接着make 与 make install

2.1 CPU版编译安装

首先，按照nwchem官网的说明（最新wiki版本的），把nwchem的配置文件写一下

export NWCHEM_TOP=/home/mayj/Quantum_Soft/nwchem-6.8.1
export NWCHEM_TARGET=LINUX64
export ARMCI_NETWORK=MPI-PR
export USE_MPI=yes
export USE_MPIF=yes
export USE_MPIF4=yes
export NWCHEM_MODULES=all
export BLASOPT="-L/home/mayj/Quantum_Soft/OpenBLAS/build/lib -lnwclapack -lopenblas "
 
# After installation
export PATH=/home/mayj/Quantum_Soft/nwchem-6.8.1/bin/LINUX64:$PATH

注意默认的编译因为openmpi的版本太新的缘故，会报错。报错的分别为

src/tools/ga-5.6.5/comex/src-armci/message.c
src/tools/ga-5.6.5/tcgmsg/tcgmsg-mpi/misc.c

按照报错的原因，更新一下mpi的函数就可以了。

之后的话，

make nwchem_config
make

然后在

/home/mayj/Quantum_Soft/nwchem-6.8.1/bin/LINUX64

就有编译出来的nwchem执行程序

2.2 GPU版编译安装

同样的流程，采用

make nwchem_config
make

会报错，原因是cuda10.1的跟centOS7有严格的编译器版本匹配，该系统适配的是GNU4.8.5。据此，使用GNU4.8.5+cuda10.1+OpenBLAS+OpenMPI重新编译NWChem。（注意因为使用GNU系统版本，ucx和OpenMPI需要重新编译）

此时NWChem的配置文件更新为

#cuda
export CUDA_LIBS="-L/usr/local/cuda-10.1/lib64 -lcudart -lcublas"
export CUDA_FLAGS="-arch sm_35"
export CUDA_INCLUDE="-I. -I/usr/local/cuda-10.1/include"
export PATH=/usr/local/cuda-10.1/bin:$PATH
 
export NWCHEM_TOP=/home/mayj/Quantum_Soft/nwchem-6.8.1_cuda
export NWCHEM_TARGET=LINUX64
export ARMCI_NETWORK=MPI-PR
export USE_MPI=yes
export USE_MPIF=yes
export USE_MPIF4=yes
export NWCHEM_MODULES=all
export TCE_CUDA=yes
export BLASOPT=" -L/usr/lib64 -lnwclapack -lopenblas"
 
# After installation
export PATH=/home/mayj/Quantum_Soft/nwchem-6.8.1_cuda/bin/LINUX64:$PATH

之后同样的流程即可以生成NWChem的可执行文件。

测试分子为pentacene分子，输入文件由官网获得，如下 https://raw.githubusercontent.com/wiki/nwchemgit/nwchem/pentacene_ccsdt.nw 不过受限于测试时间和内存大小，设置基组为sto-3g。
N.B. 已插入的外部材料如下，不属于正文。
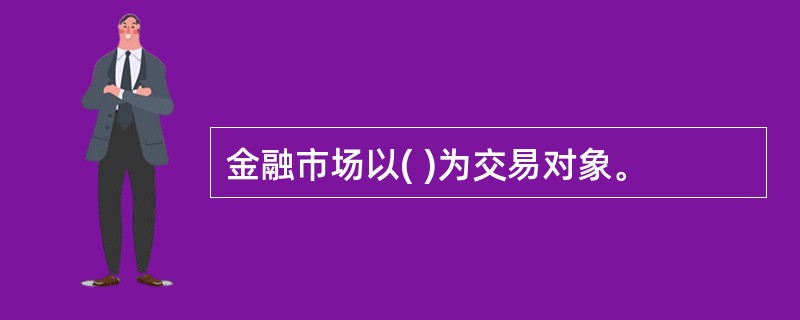 金融市场以( )为交易对象。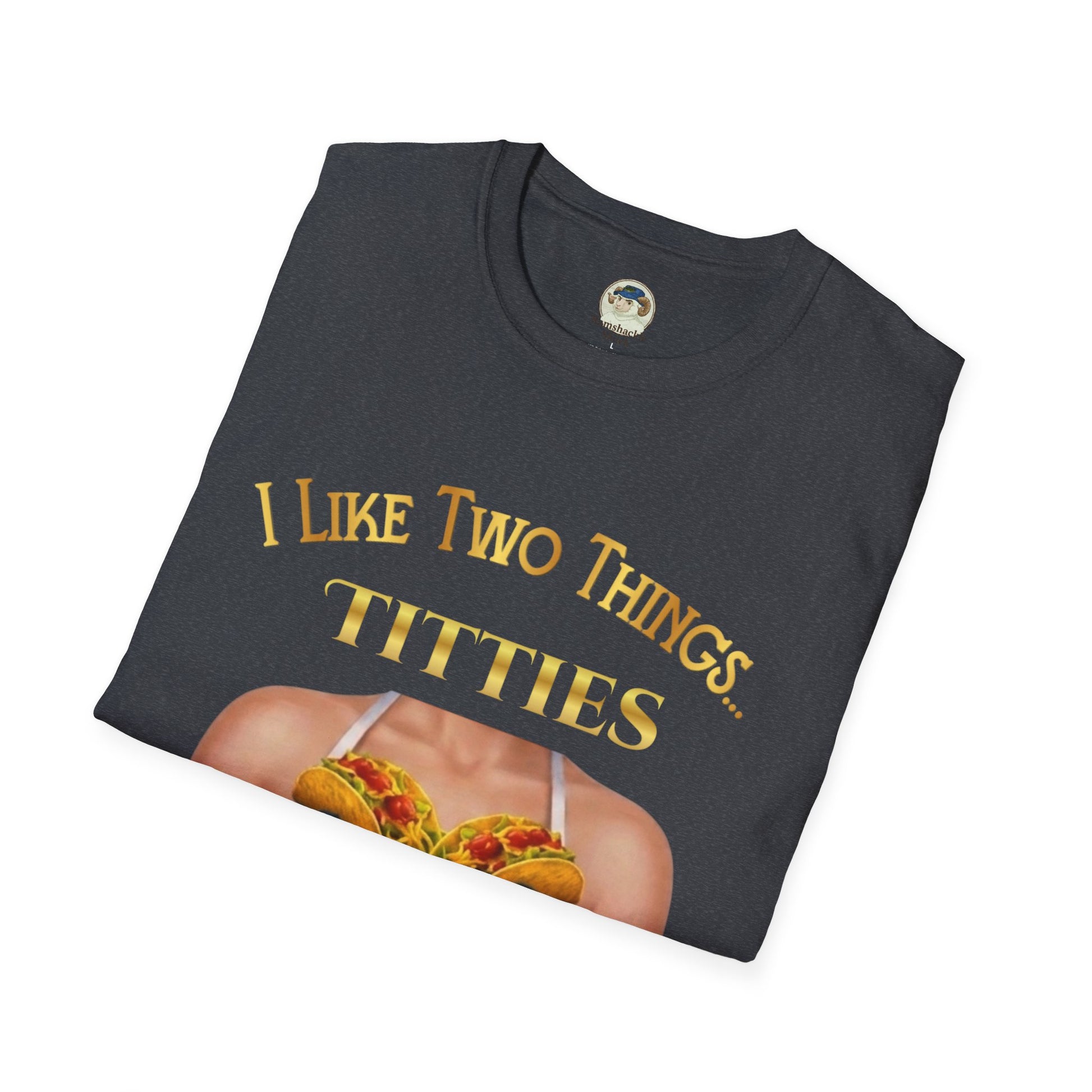 Funny graphic T-shirt featuring the phrase "I Like Two Things: Titties and Tacos" with a colorful taco illustration on a Printify T-shirt.
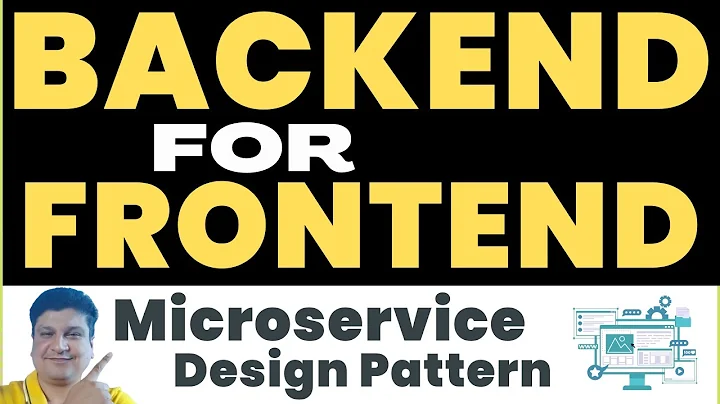 Backend For Frontend Design Pattern For Microservices With Examples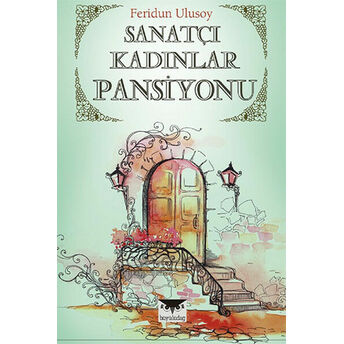 Sanatçı Kadınlar Pansiyonu Feridun Ulusoy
执行的计算是CCSD（T）的计算，计算的瓶颈实际在（T）微扰计算的部分，非常适合于采用异构的设备来加速，例如GPU或者MIC的设备。

以下测试均在/home/mayj/test文件夹下

3.1 CPU测试

测试数据如下

	GNU-4.8 + OpenBLAS(SYS)	GNU-9.1 + OpenBLAS(git) + OMP1	GNU-9.1 + OpenBLAS(git) + OMP2
核心数	计算时间（s）	计算时间（s）	计算时间（s）
8	1447.7
16	699.2
32	390.2	386.6	424.2
64	286.8	279.7	326.1
128	278.1	271.5	315.8

PS: GNU9版本测试的时候可以设定OMP线程，如export OMP\_NUM\_THREADS = 1 或者 2 等等，不过还是1效率最好。

3.2 CPU+GPU测试

因为使用的OpenMPI为ucx通讯方式，最开始测试之前需要稍微调整一下，如下

export UCX_MEMTYPE_CACHE=n